*Task to complete*
Transcribe the data exactly, omitting whatever pictures it holds.

*Given material*
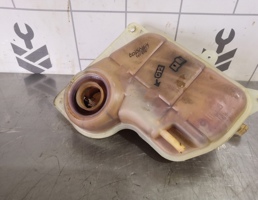 Бачок расширительный для VW Passat B5 96-00  запчасти бу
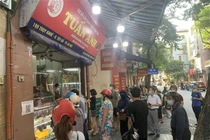 Cận Rằm tháng 8: Nơi xếp hàng chờ mua, nơi không bóng khách mua bánh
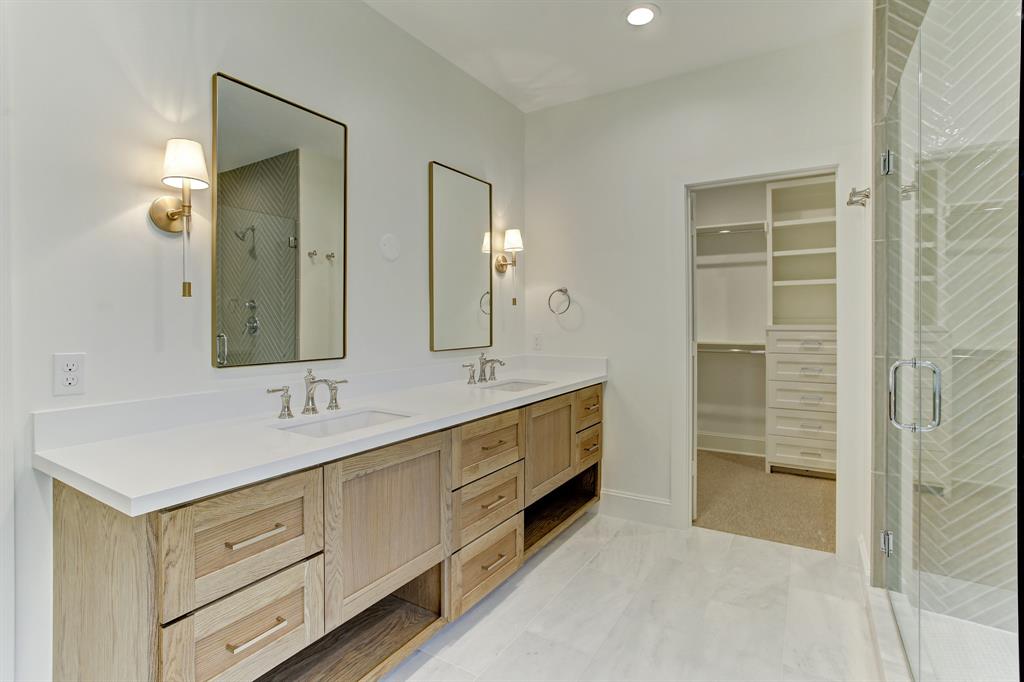 1842 Chantilly Lane, Houston, Texas image 13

*Solution to the exercise*
 Бачок расширительный для VW Passat B5 96-00  запчасти бу
 Cận Rằm tháng 8: Nơi xếp hàng chờ mua, nơi không bóng khách mua bánh
 1842 Chantilly Lane, Houston, Texas image 13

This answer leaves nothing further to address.